That's really weird... The chapter headers are created with a 'height="5em"' attribute, which in Mobipocket speak should produce a top margin of only 5 or so lines (Mobi seems to be quite fuzzy on what an "em" means). Is this happening on the Cybook etc too?

The last scan is from OpenInkPot (FBReader based), it does not honor the CSS for a chapter start, and the text starts with all caps.

Eee -- that bad? There actually isn't any CSS in the mobibook -- just Mobipocket-extended HTML 3.2. If FBReader isn't providing formatting for this then it isn't providing formatting for any HTML content. Nothing at all I can really do there.

llasram
01-06-2009, 10:15 PM
How do I create a correct UTF-8 encoded book? Is -unicode to mobigen enough?
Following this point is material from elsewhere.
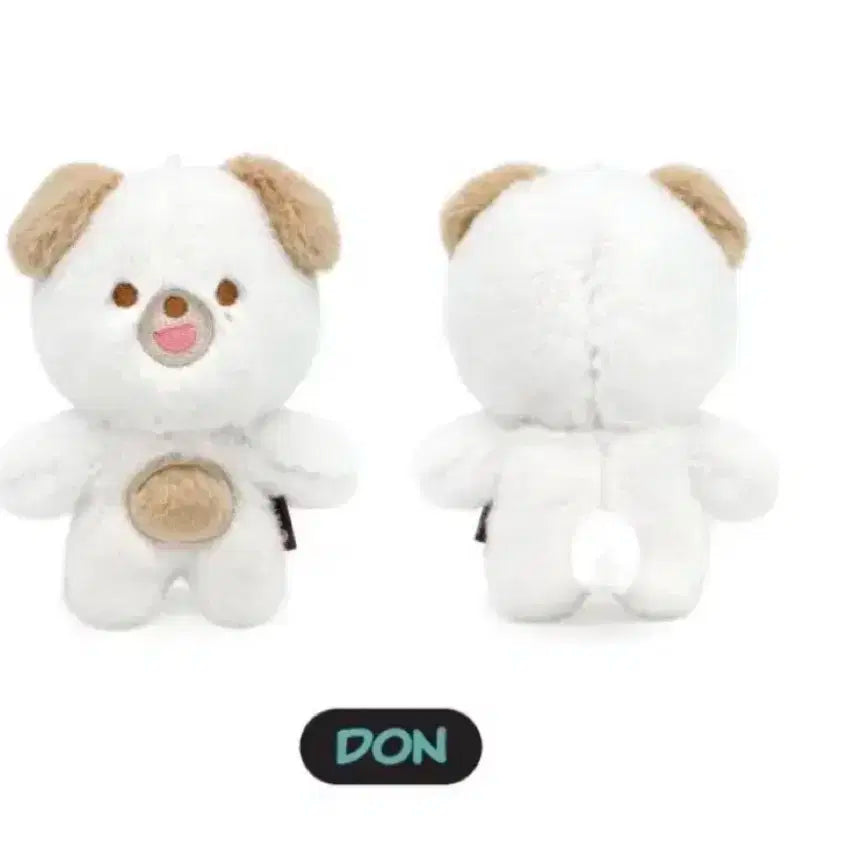 데이식스 쁘띠멀즈 돈 미개봉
That's what I've been doing, yah. Although you are correct that it seems to be quite, quite rare. I don't have all that many Mobipocket books, but of the ones I do have only one is built that way (one of the most recent Tor freebies).

nrapallo
01-06-2009, 11:18 PM
Actually, I take it back. The Mobiperl 'mobi2html' errors with the Mobipocket book I've generated appear to be errors with Mobiperl's handling of UTF-8 encoded books. With UTF-8 encoding, each text record is followed by 0 or more "overlapping" bytes finishing the current multibyte character, plus an 8-bit integer count of the overlapping bytes as an additional byte. These additional bytes are not counted as part of the content length for the purposes of computing the "filepos" of link targets.

*Thank you* for finally confirming my suspision that the byte count to the filepos/link is "off" in mobi2html (and consequently in Mobi2IMP). I've had to sometimes add upto 200 extra bytes to find the "anchor" tag the filepos was referring to in my conversions from .prc to .imp. I had no idea why I had to do this and never would have thought the UTF-8 decoding could have precipitated this, but it does make awful good sense to me now that you mentioned this!
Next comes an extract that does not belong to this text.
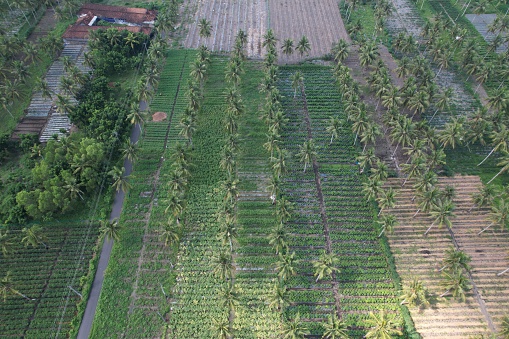 aerial view of coconut, peanut and vegetable plantations. tropical plantation.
My Mobi2IMP solution (which was a brute force naive approach) was to scan forward in the uncompressed text (html) from the stated filepos position and look for the first '<' to plop the anchor (for that filepos)! 99% of the times it worked, but it was not elegant nor foolproof!

wallcraft
01-06-2009, 11:24 PM
Mobipocket's developer documentation suggested that 600x800 was optimal, but apparently not then... I agree that is what they suggest, but most EInk devices don't use the full screen for a MOBI image. I'm not sure about the Cybook though.

That's really weird... The chapter headers are created with a 'height="5em"' attribute, which in Mobipocket speak should produce a top margin of only 5 or so lines (Mobi seems to be quite fuzzy on what an "em" means). Is this happening on the Cybook etc too? I don't have a Cybook, but it is happening on the iLiad, see the attached screen shots. It is treating the space as "ems" (smaller space with a smaller font), and part of the problem may be the very wide line spacing used by the Java MobiPocket Reader. However, it looks like there is extra space over 5em.

If FBReader isn't providing formatting for this then it isn't providing formatting for any HTML content. Nothing at all I can really do there. I was not complaining, the only criteria for FBReader is not to cause strange formatting and this is fine.

wallcraft
01-06-2009, 11:39 PM
The TOC does not work on the iLiad. It is possible to call up the TOC, but stylus tapping in the "links" does nothing. In a standard TOC this would take you to the chapter.

nrapallo
01-06-2009, 11:47 PM
The TOC does not work on the iLiad. It is possible to call up the TOC, but stylus tapping in the "links" does nothing. In a standard TOC this would take you to the chapter.

Then, is there something wrong with the original .html source or llasram's conversion to .mobi?

@llasram

Can you post your original .html source file used to create this .mobi ebook in post #1? This way we can verify which is the culprit...:)

llasram
01-07-2009, 12:07 AM
Then, is there something wrong with the original .html source or llasram's conversion to .mobi?

It's definitely my generation code. It may be because the links are in a table? But I'm ditching the CSS-table-as-Mobi-table conversion anyway.

Can you post your original .html source file used to create this .mobi ebook in post #1?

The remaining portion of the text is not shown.